Introduction to the Crop Insurance Scheme
The Indian government has approved of a $1.3 billion Prime Minister crop insurance scheme for farmers and cultivators, in order to protect them from crop failures, and the depression and misery that ensue in their wake. Indeed, the year-long drought that is steadily annihilating the Indian farming industry has affected much more than the crops—it has also heavily impacted many diligent and committed lives, and those of their families as well. In fact, as reported by The Guardian, “more than 300,000 farmers have killed themselves in India since 1995”.
As said by the home minister, Rajnath Singh, “The scheme will be a protection shield against instances of farmer suicides because of crop failures or damage because of nature”. Under this measure, the farmers will have to pay a premium of only 1.5% for all rabi crops, and 2% for Kharif crops. Additionally, there will be no upper limit on the subsidy provided by the Indian government, in order to balance the premium. This scheme is essentially an improvement of the NDA scheme of 1999; now, the government is aiming to approach and access 50% of the affected farmers—in order to widen the effectiveness of this scheme. To many, the Indian crop insurance scheme may seem like the ideal solution to the multitude of problems that shadow the farming industry.
The Positive Aspects of this Initiative
There has been positive response to this national initiative; in the words of Dr. MJ Khan, Chairman of Indian Council of Food and Agriculture, “[This measure] frees Indian farmers from the fear of crop failure and is a strong political message from the government.” Indeed, the rationales behind the execution of the crop scheme address some very crucial issues, that are highly pertinent to today’s agricultural industry. As reported by First Post, there are two prime reasons for the implementation of this scheme—climactic instabilities, and consequent financial distress. It is a sorry reality that the weather conditions in India, especially the much-awaited Monsoon rains, are extremely erratic; as a result, crop failures have become commonplace—which then leads cultivators to a financial quandary. This crop scheme serves to directly address the latter problem.

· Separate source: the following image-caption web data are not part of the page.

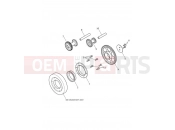 Triumph 2020 Thruxton RS Starter Drive Gears
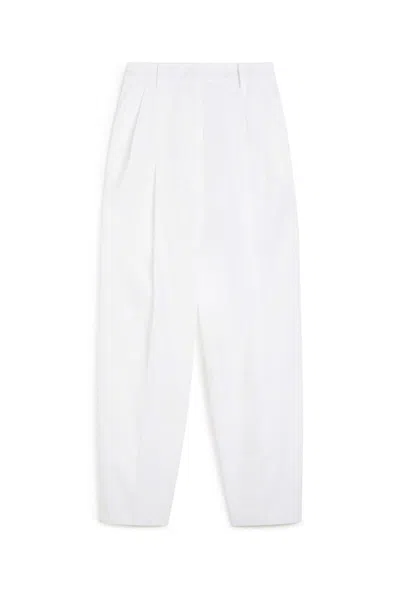 Sportmax White Wide-leg Trousers In White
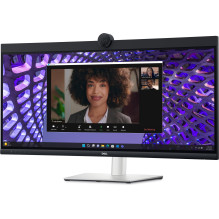LCD Monitor, DELL, P3424WEB, 34", Curved / 21 : 9, Panel IPS, 3440x1440, 21:9, 60Hz, 5 ms, Speakers, Camera 4MP, Sw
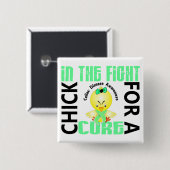 戦いのCeliac病気のひよこ 缶バッジ (正面&裏面)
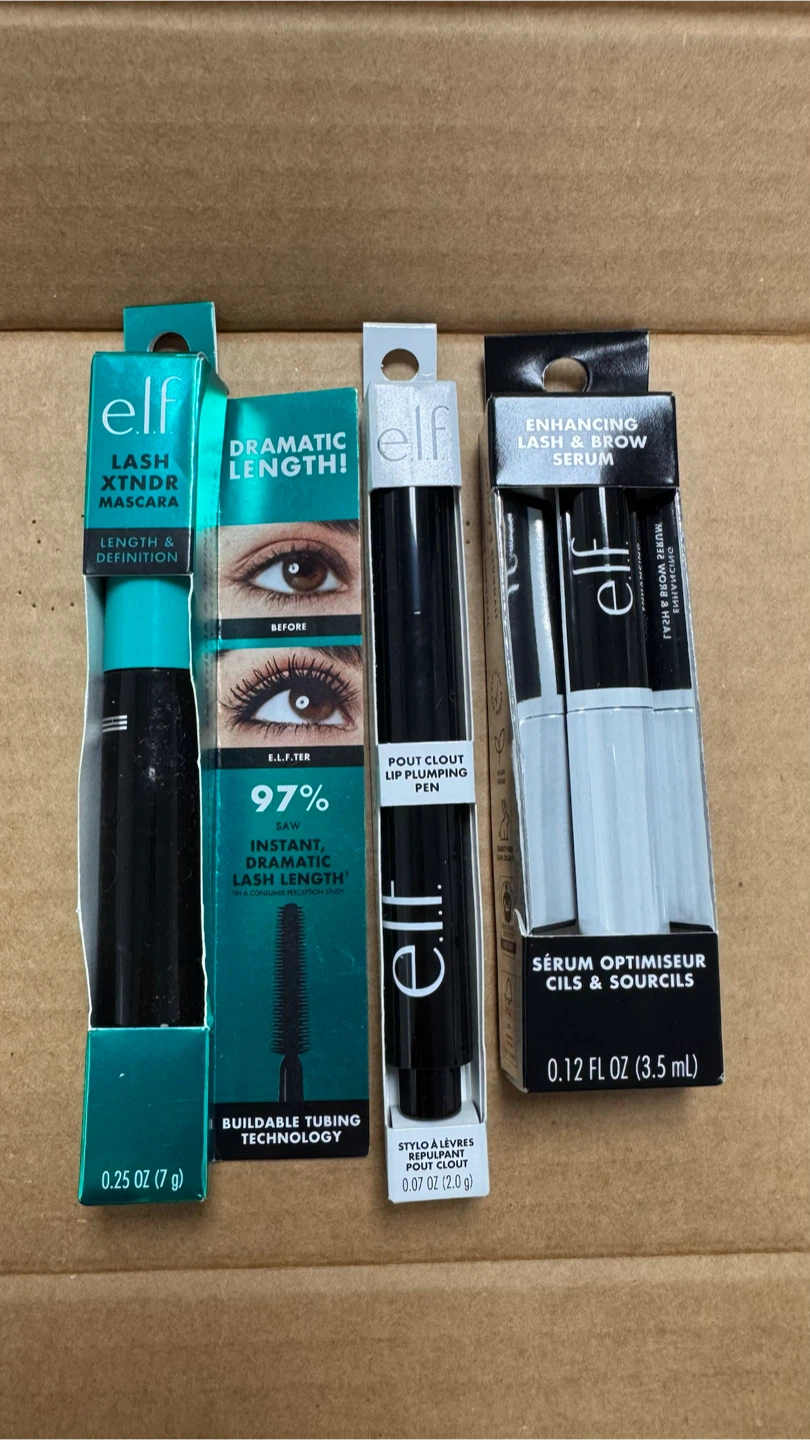 e.l.f. Lash Xtndr Mascara, Lip Plumping Pen & Lash & Brow Serum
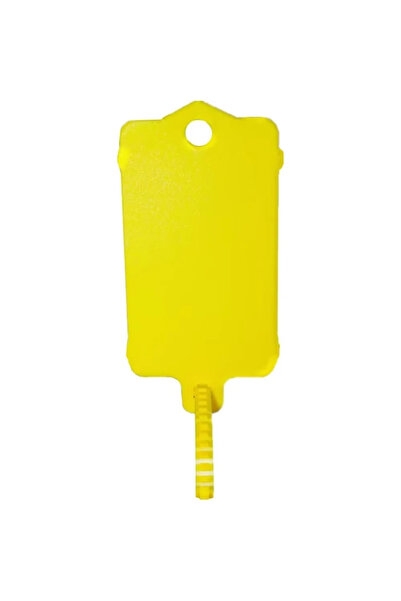 Choice9 50Pcs-Yellow 50/100Pcs Reusable Plastic Tags Hang Tag Waterproof Labe...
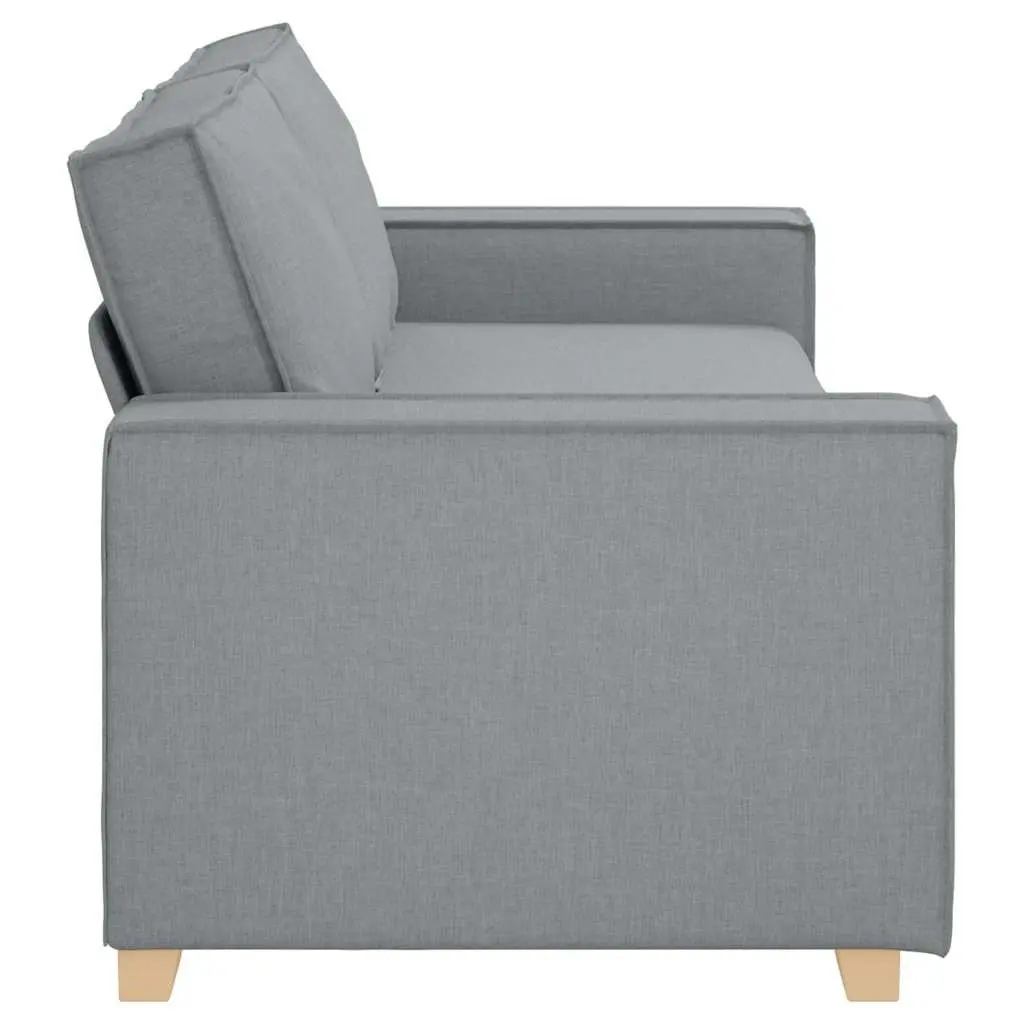 3-Seater Sofa Polyester Fabric Grey Modern Couch Living Room Furniture
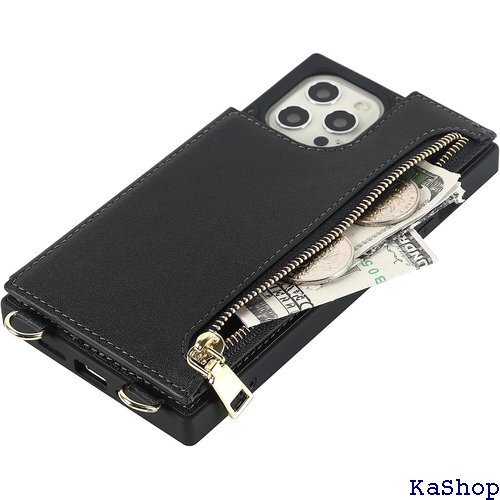 iPhone12 pro Max ケース ショルダー カード入れ カバー スマホケース 携帯カバー ブラック 264_画像5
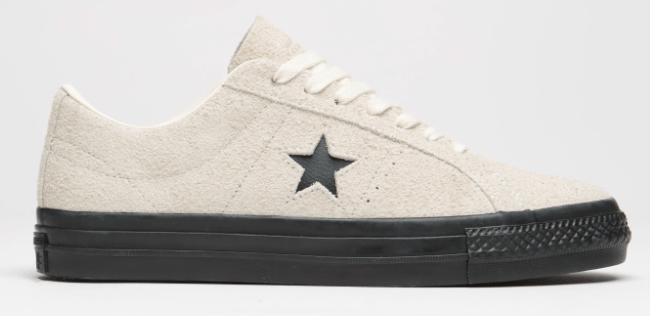 Converse One Star Pro Ox in Egret/Egret/Black - M I L O S P O R T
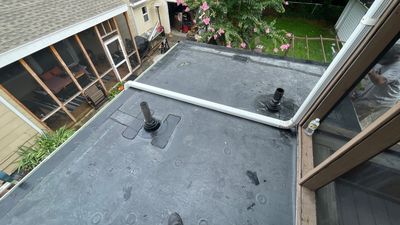 Rubber Roof and Gutter on Addition 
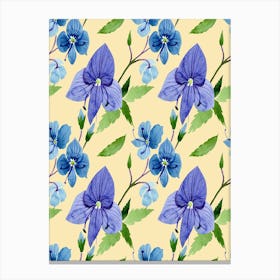 Blue Hydrangeas - Veronica blue flower Canvas Print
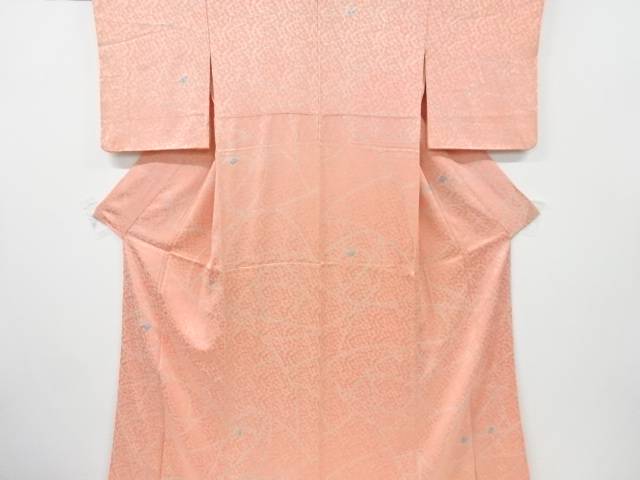 絞り 抽象花模様小紋着物【中古】【着】 宗sou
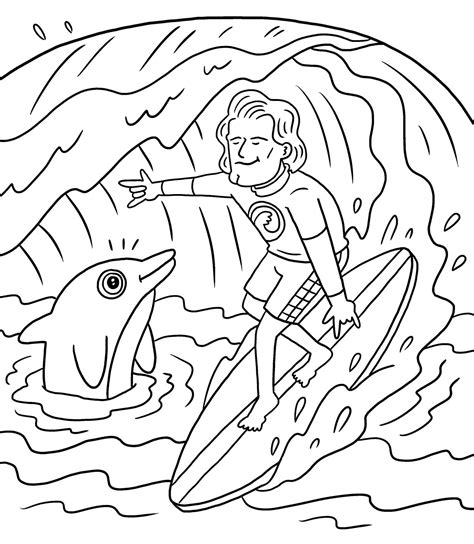 The Us Open Of Surfing Coloring Book Oc Weekly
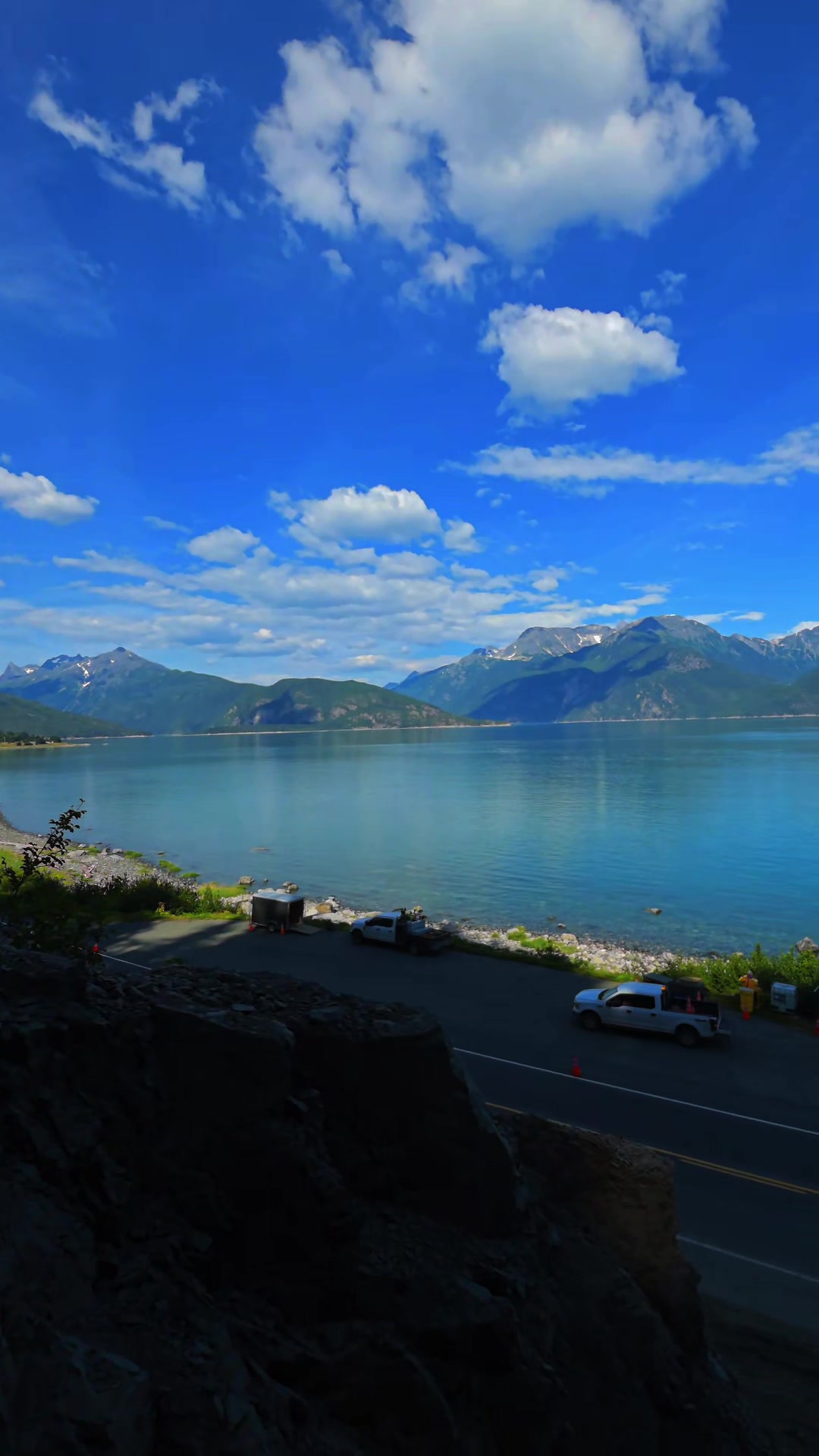 These veiws never get old.  #fyp #foryoupage #rockfall #alaska #bluecollar 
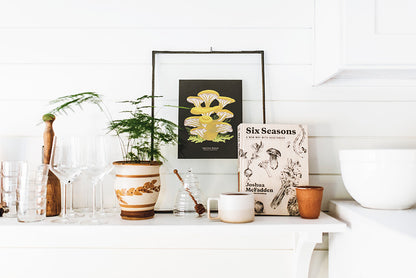 Golden Oyster Mushrooms | 8x10 paint-by-number kit - Elle Crée
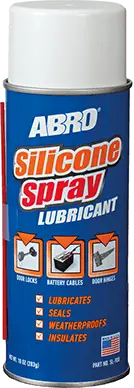 Abro Sl-900 Silicone Lubricant Spray – Water-Repellent, Non-Staining Lubrication For Plastics And Rubber 1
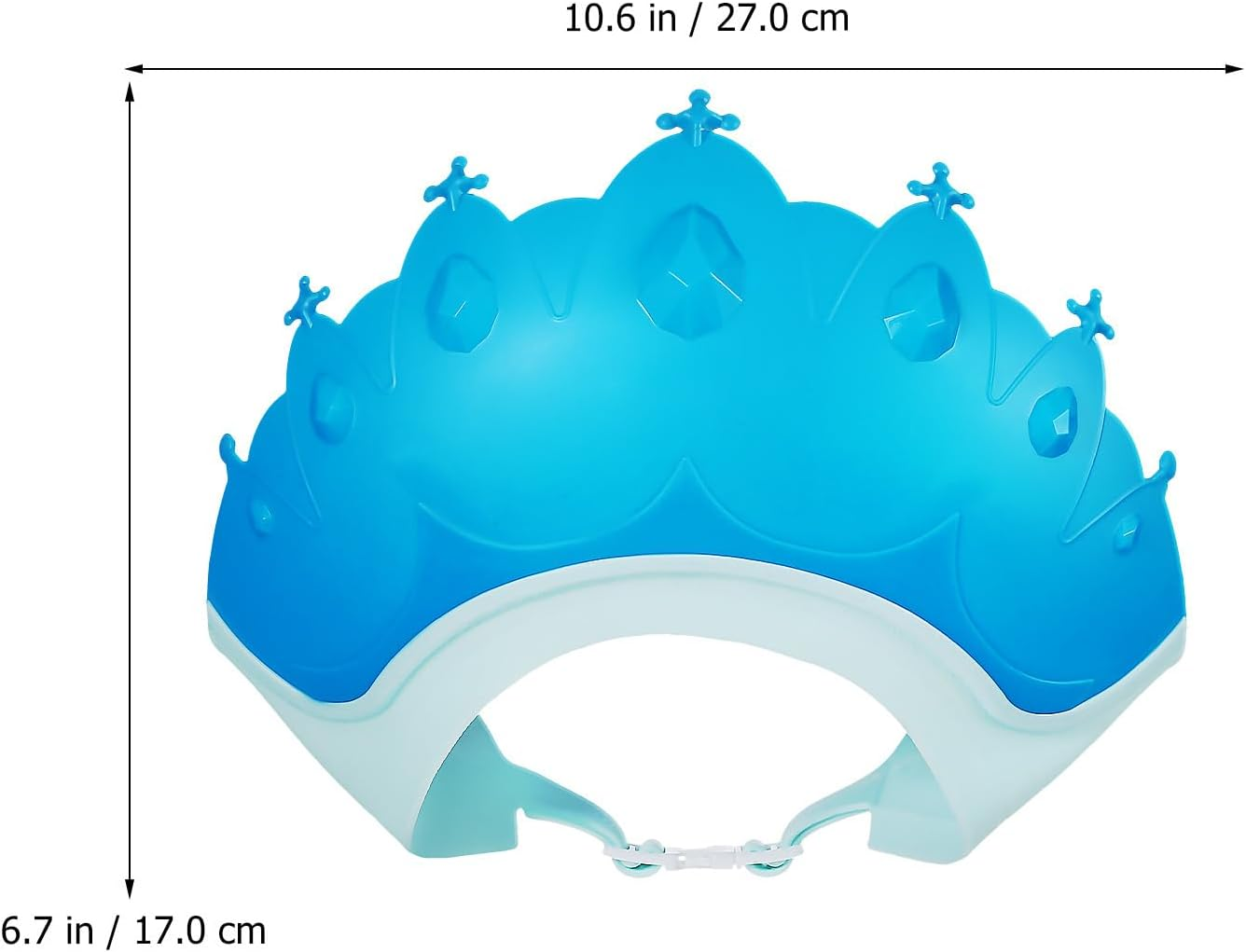 Gadpiparty 3Pcs Hair Washing Shield Shower Caps with Eye Protection for Bath Hat for Toddlers Shampoo Cap Hair Wash Visor Bathing Cap image number 3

Criticism and Challenges to this Measure
That said, the response to this government measure has not been entirely positive. Many believe that this has been done for purely political reasons—such that the government can gain the support of the numerous farmers across the country. As reported by Daily Mail, “it is also an attempt by Narendra Modi’s government to woo the country’s powerful farming community after drubbings in two recent state elections.” Moreover, there are numerous challenges to this scheme—primarily, farmer illiteracy and ignorance, inaccessibility to smaller farmers, and lack of knowledge of weather data in local, rural regions.
Furthermore, it has been reported by the Economic Times that crop insurance in India needs “innovation, not subsidy”; innovation includes the installation of drones and remote-sensing equipment—since products have to made available to individual farmers, many of whom live in rather inaccessible regions. In addition, the insurance companies approach this measure with mixed feelings—since while their business prospects will improve, the payouts may risk their own profitability.
Nonetheless, although this measure has met with a substantial amount of criticism, it still has the capability and potential to save the lives of farmers across the country; indeed, this can be a major step toward the achievement of poverty alleviation across the agricultural sector of the Indian subcontinent. In fact, as said by Narendra Modi, “This scheme not just retains the best features of past policies but also rectifies all previous shortcomings… This is a historic day”.